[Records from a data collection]
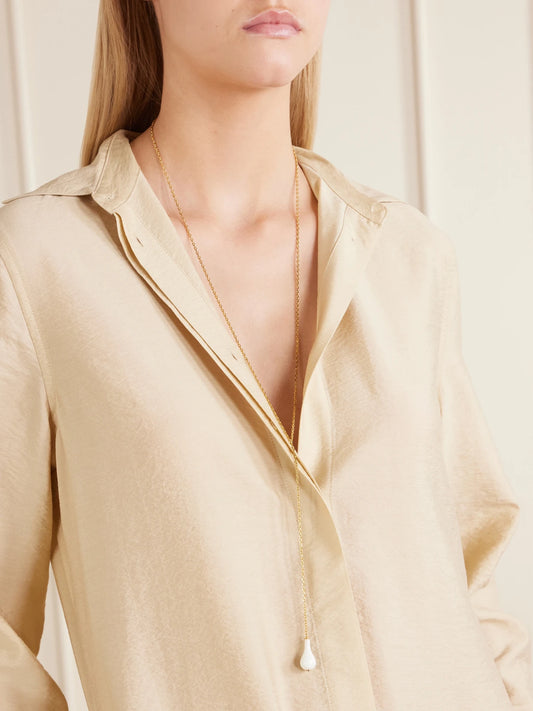 Image of Necklaces. Product name - Drop Crystal-embellished Silver Necklace in Gold colour by brand - TOTEME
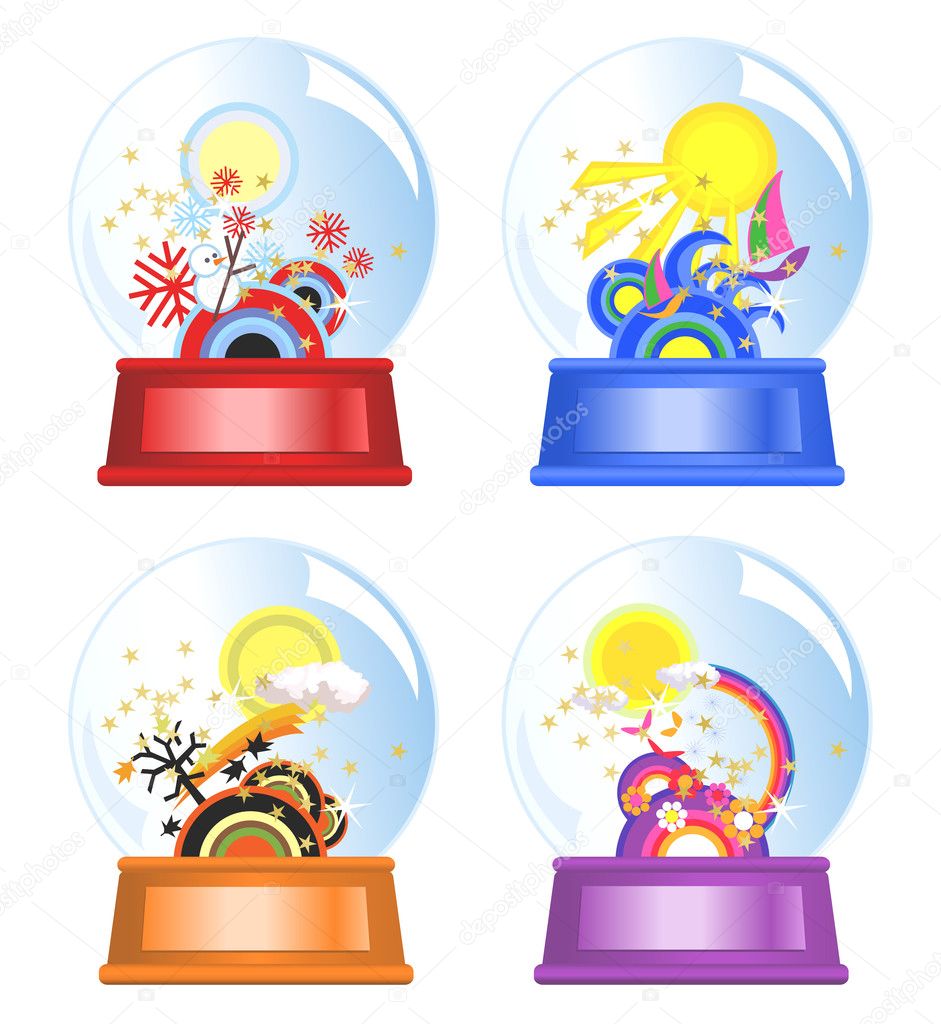 Illustration of water globes with four seasons theme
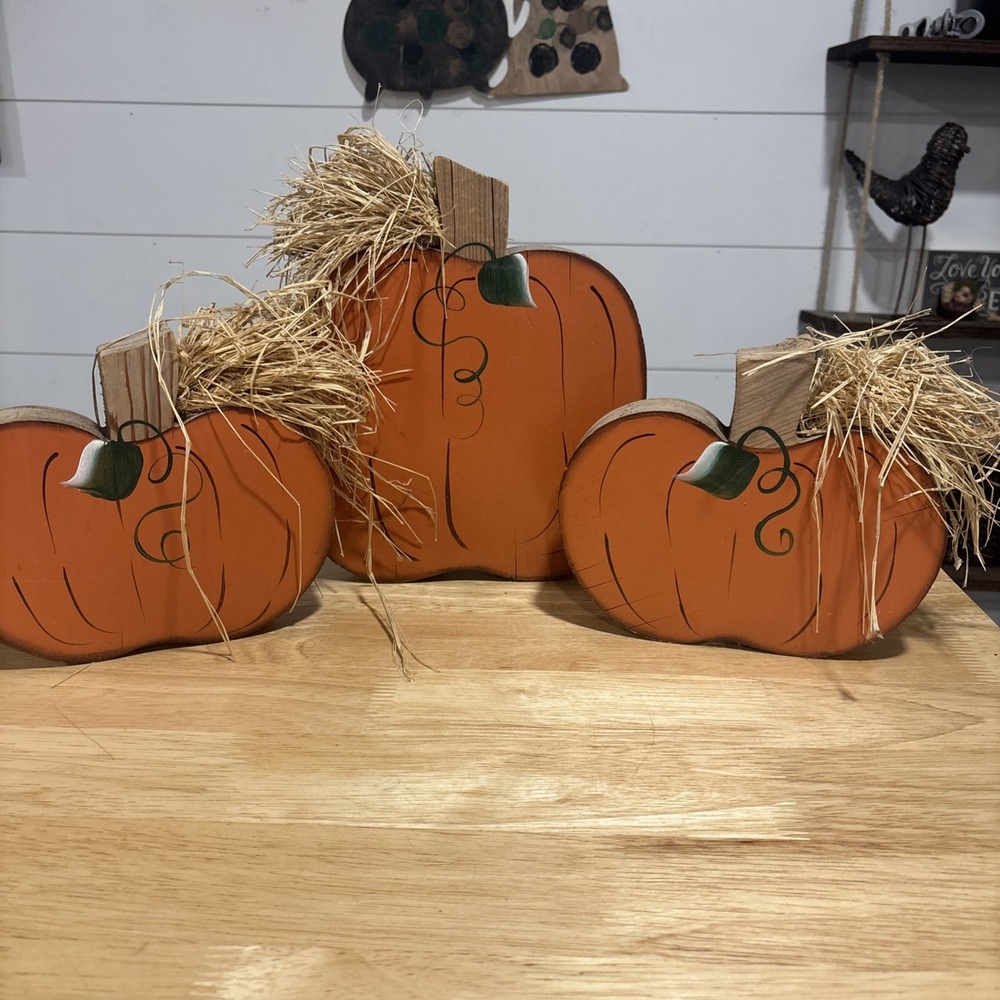 Farm House Wooden Pumpkin Decor, 3 Pumpkins, 2 - 8" X 7", 1 - 9" X 10"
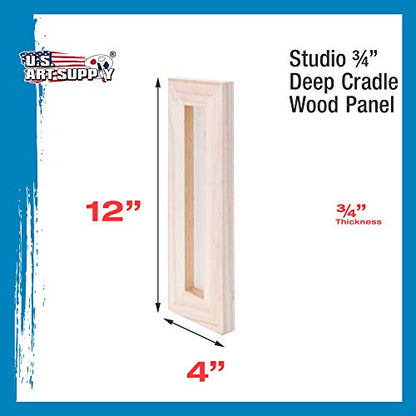 U.S. Art Supply 4" x 12" Birch Wood Paint Pouring Panel Boards, Studio 3/4" Deep Cradle (Pack of 4) - Artist Wooden Wall Canvases - Painting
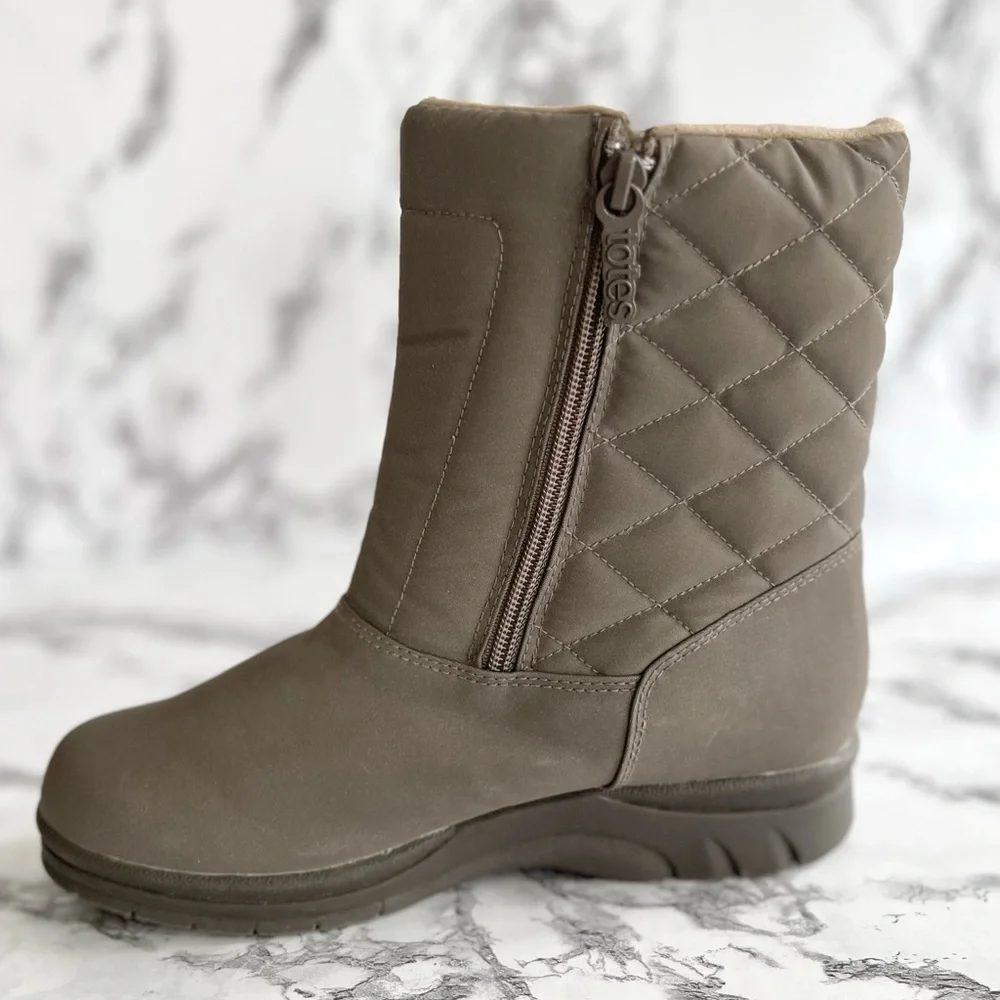 Totes Snow Boots Taupe Quilted Short Waterproof Winter 6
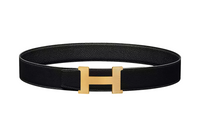 HERMES Togo Calfskin Double-Sided Leather Belt Leather Belts Men's Black Width: 3.8cm
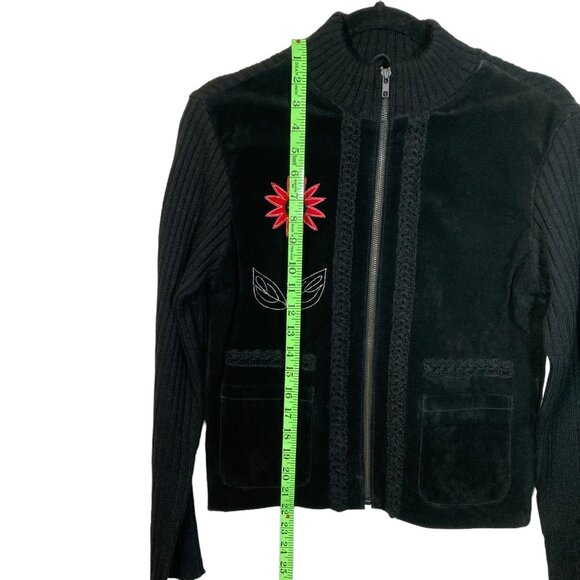 Paraphrase Vintage Cardigan, Sz L (measures smaller), Black Suede Wool Blend NEW - Picture 10 of 11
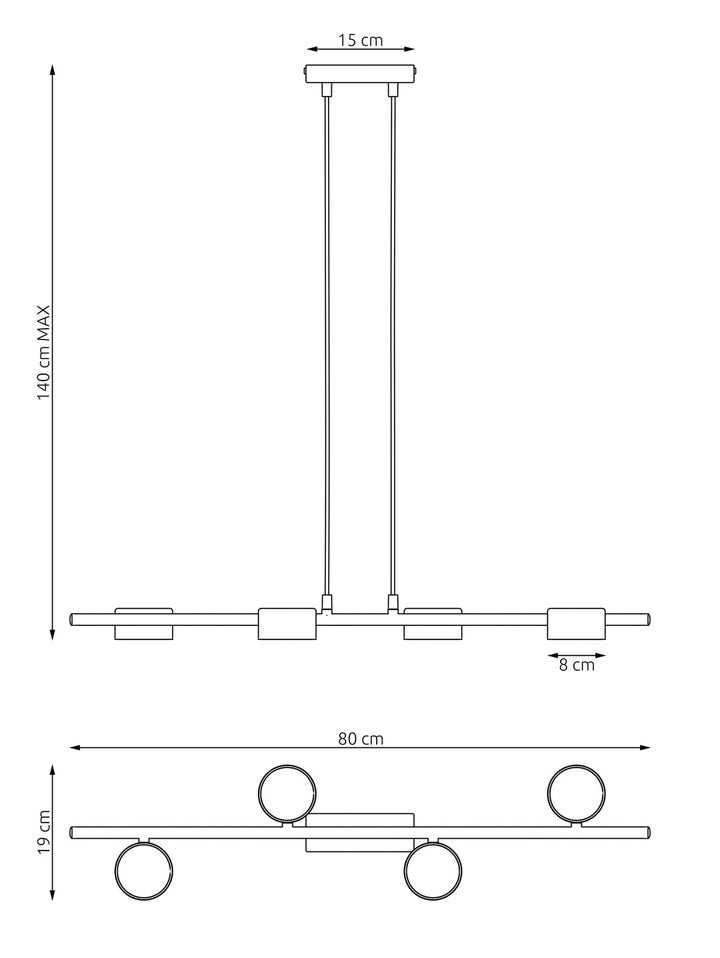 Lustra suspendata SORA 4 BL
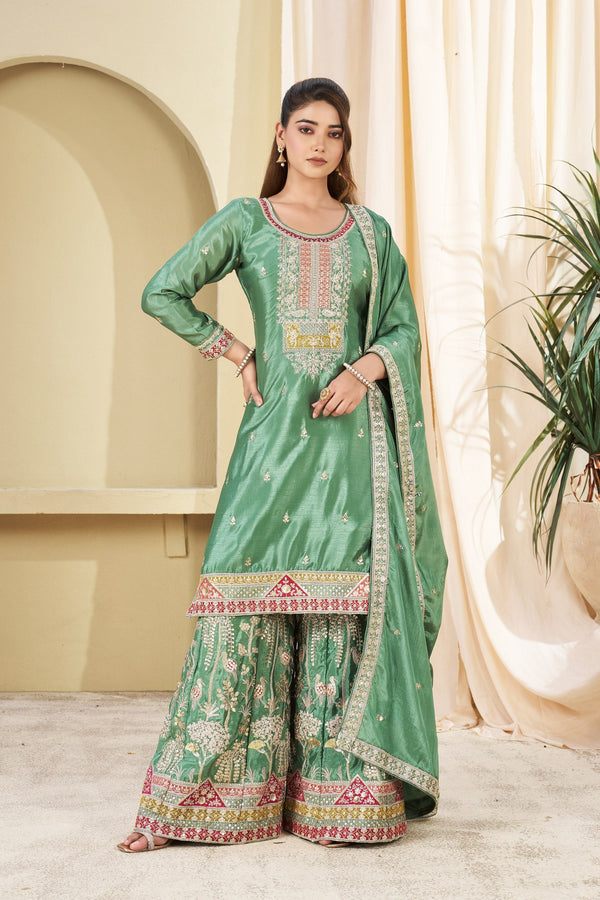 Sea Green Embroidered Palazzo Set ClothsVilla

■ ACTIVITY: The lines to reproduce run from the line containing "U.S. Art Supply" through the last line of the records above, both included. Copy them exactly and drop the pictures.

■ REPLY:
 U.S. Art Supply 4" x 12" Birch Wood Paint Pouring Panel Boards, Studio 3/4" Deep Cradle (Pack of 4) - Artist Wooden Wall Canvases - Painting
 Totes Snow Boots Taupe Quilted Short Waterproof Winter 6
 HERMES Togo Calfskin Double-Sided Leather Belt Leather Belts Men's Black Width: 3.8cm
 Paraphrase Vintage Cardigan, Sz L (measures smaller), Black Suede Wool Blend NEW - Picture 10 of 11
 Lustra suspendata SORA 4 BL
 Sea Green Embroidered Palazzo Set ClothsVilla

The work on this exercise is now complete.